5.06.2002

Where do I go from here? Has everything been for nothing? I feel that with last night's argument with my parents that I don't know how I am gonna make it through anything anymore..... I am currently under what I would like to call "house arrest." I basically lived my life like that since I born up until like my senior year in high school...I wiould go to school and just come home..never really going out and doing anything....well quite recently I have been going out...."having a life" and I believe that this has either angered my parents or they just arent used to having to deal with me not being home, before....So right now I have the ultimatum of shape up or get out or start paying rent.....well 2 of those 3 choices I cannot afford because I am in school and don't have a job currently.
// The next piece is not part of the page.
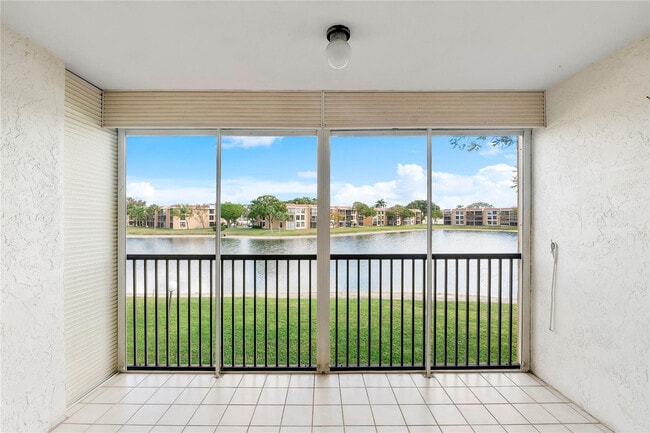 Building Photo - 6519 Coral Lake Dr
But then I am getting confused with school, and knowing where I want to go or what to do.....I talked with alot of my friends afterwards, to see what there viewpoint was from an outside party cause I didnt want to make any irrational decisions in the state I was in.....mind you my cinversations were on the house phone due to them taking my cell phone, plus I had to stay in the general vicinity of the phone (its not allowed to be in my room anymore, well whats the darn point of having a cordless phone if I cant use it to enable privacy in my conversations....) anyways alot of other things came up last night and I was accused of using them(meaning my parents), I dont see how I am using them if I am still there offspring and I am actually a good kid that gets good grades and doesnt do drugs or any of that nonsense ( sorry to all those of you that smoke :-P smoking is bad...you should quit! ) But so anyways I have that on my mind plus my guy situation where I don't know which direction I want to go, only cause I am afraid the one I am closest to might return back to his sarcastic ways (i know he doesnt always mean to do what he does but it still hurts), so I have that and the fear of being kicked out of home and not knowing where to go, then the fact that school is ...arg...!

Anyways I am going to go study for the class I do have left that I can still manage to pull through.

Remember to wake up everyday with a smile on your face, and a twinkle in your eye because, if you wake up in the opposite its hard to reverse them and it will only just ruins tha whole day!